[Material shown]
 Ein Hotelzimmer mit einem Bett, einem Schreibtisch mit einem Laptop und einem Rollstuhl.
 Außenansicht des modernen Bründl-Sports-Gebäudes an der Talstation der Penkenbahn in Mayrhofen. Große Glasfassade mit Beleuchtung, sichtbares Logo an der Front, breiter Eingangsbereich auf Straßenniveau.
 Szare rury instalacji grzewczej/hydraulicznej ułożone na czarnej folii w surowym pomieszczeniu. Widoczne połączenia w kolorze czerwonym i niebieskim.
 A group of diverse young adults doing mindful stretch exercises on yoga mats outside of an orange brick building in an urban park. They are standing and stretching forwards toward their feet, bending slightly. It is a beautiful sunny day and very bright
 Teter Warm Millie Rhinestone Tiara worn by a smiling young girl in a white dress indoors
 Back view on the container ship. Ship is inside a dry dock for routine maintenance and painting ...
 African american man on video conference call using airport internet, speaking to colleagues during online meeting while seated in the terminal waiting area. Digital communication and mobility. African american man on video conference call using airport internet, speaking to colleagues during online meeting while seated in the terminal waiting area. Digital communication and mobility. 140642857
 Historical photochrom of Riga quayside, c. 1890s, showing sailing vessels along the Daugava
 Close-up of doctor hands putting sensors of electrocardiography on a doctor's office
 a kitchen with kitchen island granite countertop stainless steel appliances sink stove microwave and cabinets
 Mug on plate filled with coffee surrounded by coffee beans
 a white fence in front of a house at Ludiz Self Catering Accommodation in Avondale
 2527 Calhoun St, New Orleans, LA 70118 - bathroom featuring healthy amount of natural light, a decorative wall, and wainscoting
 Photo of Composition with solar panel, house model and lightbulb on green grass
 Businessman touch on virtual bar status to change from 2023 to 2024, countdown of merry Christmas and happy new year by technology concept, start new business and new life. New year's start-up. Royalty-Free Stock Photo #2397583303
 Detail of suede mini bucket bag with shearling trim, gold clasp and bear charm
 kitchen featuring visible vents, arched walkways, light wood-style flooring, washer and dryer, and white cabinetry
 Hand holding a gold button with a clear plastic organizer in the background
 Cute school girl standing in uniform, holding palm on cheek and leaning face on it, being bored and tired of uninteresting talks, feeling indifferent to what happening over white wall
[/Material shown]
** Task instructions **
Leave out every line before the one containing "Detail of suede". Transcribe that line and all lines after it through the end of the data above, exactly.

** Exercise solution **
 Detail of suede mini bucket bag with shearling trim, gold clasp and bear charm
 kitchen featuring visible vents, arched walkways, light wood-style flooring, washer and dryer, and white cabinetry
 Hand holding a gold button with a clear plastic organizer in the background
 Cute school girl standing in uniform, holding palm on cheek and leaning face on it, being bored and tired of uninteresting talks, feeling indifferent to what happening over white wall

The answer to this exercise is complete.